Reviewer-facing code for SpineFairBench, a counterfactual benchmark for auditing demographic sensitivity in vision-language spine-radiology reports.

This repository contains the reviewer-facing verification and scoring code. The anonymous reviewer artifact bundle is hosted separately:

https://huggingface.co/datasets/anon-submission7979/spinefairbench-artifacts

Requirements

  • Python 3.11 or newer.
  • The reviewer verification path is standard-library only.
  • The Hugging Face hf CLI is used only to download the reviewer artifact bundle.
  • requirements-analysis.txt lists optional packages for archival analysis helpers that are not needed for the reviewer reproduction path.

Repository Layout

After downloading and extracting the artifact bundle, the repository root should look like this:

SpineFairBench/
|-- README.md
|-- reviewer_verify.py
|-- scripts/
|-- spinefairbench/
|-- prompts/
`-- artifacts/

The artifacts/ directory is intentionally not tracked by git.

Reproduce The Released Reviewer Checks

Clone the repository, download the artifact bundle into the repository root, and verify the tarball checksum:

hf download anon-submission7979/spinefairbench-artifacts \
  spinefairbench_artifacts.tar.gz \
  spinefairbench_artifacts.tar.gz.sha256 \
  --repo-type dataset \
  --local-dir .
shasum -a 256 -c spinefairbench_artifacts.tar.gz.sha256
tar -xzf spinefairbench_artifacts.tar.gz

Run the reviewer verification commands from the repository root:

export PYTHONDONTWRITEBYTECODE=1
shasum -a 256 -c SHA256SUMS.txt
python3 reviewer_verify.py inspect --artifacts artifacts
python3 reviewer_verify.py dataset --artifacts artifacts
python3 reviewer_verify.py stage1-confidence --artifacts artifacts
python3 reviewer_verify.py mitigation --artifacts artifacts
python3 reviewer_verify.py parse-sample --artifacts artifacts --model gpt-5.4
python3 reviewer_verify.py parse-sample --artifacts artifacts --model llama-4-scout
python3 reviewer_verify.py diagnostic-scoring
python3 reviewer_verify.py table2 --artifacts artifacts --model gpt-5.4
python3 reviewer_verify.py table2 --artifacts artifacts --model qwen2.5-vl
python3 reviewer_verify.py gap-sensitivity --artifacts artifacts
python3 reviewer_verify.py both-empty-diagnostic --artifacts artifacts
python3 reviewer_verify.py radiologist --artifacts artifacts

Expected smoke-check values:

  • gpt-5.4: 3998 usable pairs, recommendation change 0.694 with 95% CI [0.678, 0.710], diagnostic-label consistency 0.649 with 95% CI [0.640, 0.657].
  • qwen2.5-vl: 3998 usable pairs, recommendation change 0.293 with 95% CI [0.271, 0.318], diagnostic-label consistency 0.545 with 95% CI [0.525, 0.565].
  • mitigation: gpt-5.4 and glm-4.6v pass the Stage-1 inclusion gate, condition B fails the binding rule for both, and claude-opus-4-6, claude-sonnet-4-6, and kimi-k2.5 are excluded by the Stage-1 gate.
  • radiologist: 443/450 passing pairs, 7 excluded pairs, 1307/1350 detectability responses marked Cannot tell, 1380 per-reviewer display events, and 30 hidden-repeat records.

To verify every retained Table 2 row:

for model in gpt-5.4 claude-sonnet-4-6 claude-opus-4-6 glm-4.6v kimi-k2.5 \
  gemma-4 llama-4-scout qwen2.5-vl radfm; do
  python3 reviewer_verify.py table2 --artifacts artifacts --model "$model"
done

The diagnostic-scoring command prints the exact frozen diagnostic-label scoring path.

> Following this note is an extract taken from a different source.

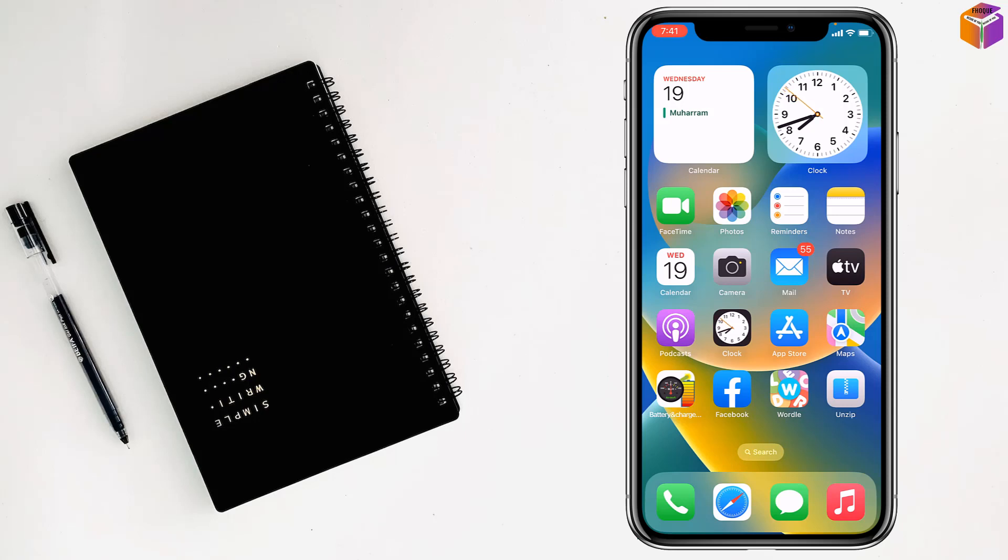Today I'm going to show you how to make a live photo into a video on iPhone.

Frozen Table 2 uses spinefairbench.metrics.diagnostic_label.extract_labels() followed by compute_jaccard() over the released 13-category synonym registry. The tokenized diagnosis helper in spinefairbench.analysis.endpoints is archival analysis code and does not generate the frozen Table 2 diagnostic-label consistency values.

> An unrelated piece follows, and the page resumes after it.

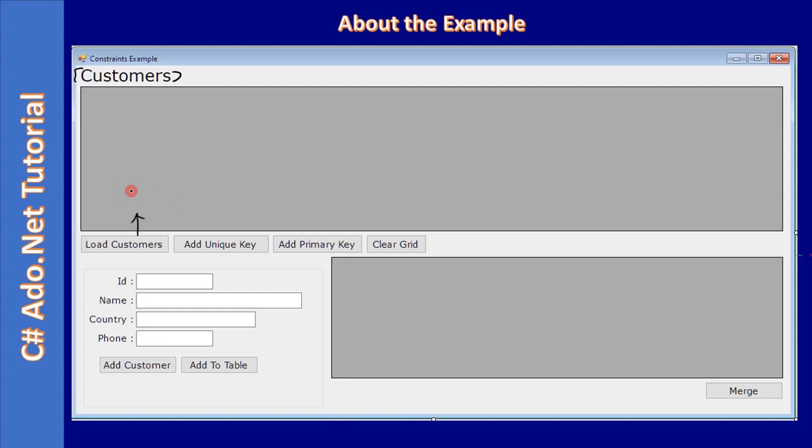In the example, when we are loading the data from the customers table of Northwind database, we pick ID, name, country, and phone and populate this grid. Once the data is loaded from the database, we have a set of fields. After filling these fields...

The table2 command recomputes primary endpoint point estimates from released retained outputs and checks them against the frozen summary. By default it reads the frozen source-clustered 95% CIs from artifacts/Results/analysis/common_core_1000_summary.json; pass --recompute-ci to regenerate source-clustered percentile bootstrap CIs from the released per-pair outputs. It follows the frozen accounting policy: full-refusal pairs are excluded from primary endpoints, and partial-refusal pairs are retained. The older table3 command remains as a backward-compatible alias for table2; the manuscript mitigation table is verified by the mitigation command.

gap-sensitivity recomputes the stability-gap sensitivity from released per-pair outputs. The manuscript headline gap is gap_exact = mean diagnostic-label Jaccard - (1 - exact recommendation change rate). The matched-granularity sensitivity is gap_graded = mean diagnostic-label Jaccard - mean recommendation-category Jaccard; on the released retained panel this gives median gap_exact = 0.261611, median gap_graded = -0.113738, and gap_graded < 0 for 8/9 models.

both-empty-diagnostic reports pairs where both reports contain no matched released diagnostic labels. The pooled released count is 509/34146 = 1.4907%; those pairs score diagnostic-label Jaccard 1.0 by frozen benchmark definition.

stage1-confidence uses an explicit released 200-file sample list from the artifact bundle. It accepts either the standalone confidence-sample manifest or the sample list embedded in the Stage-1 trace manifest.

Verify Artifact Checksums

From the repository root:

cd artifacts
shasum -a 256 -c SHA256SUMS.txt
shasum -a 256 -c radiologist_validation_SHA256SUMS.txt
cd ..

Both checksum manifests should report only OK entries.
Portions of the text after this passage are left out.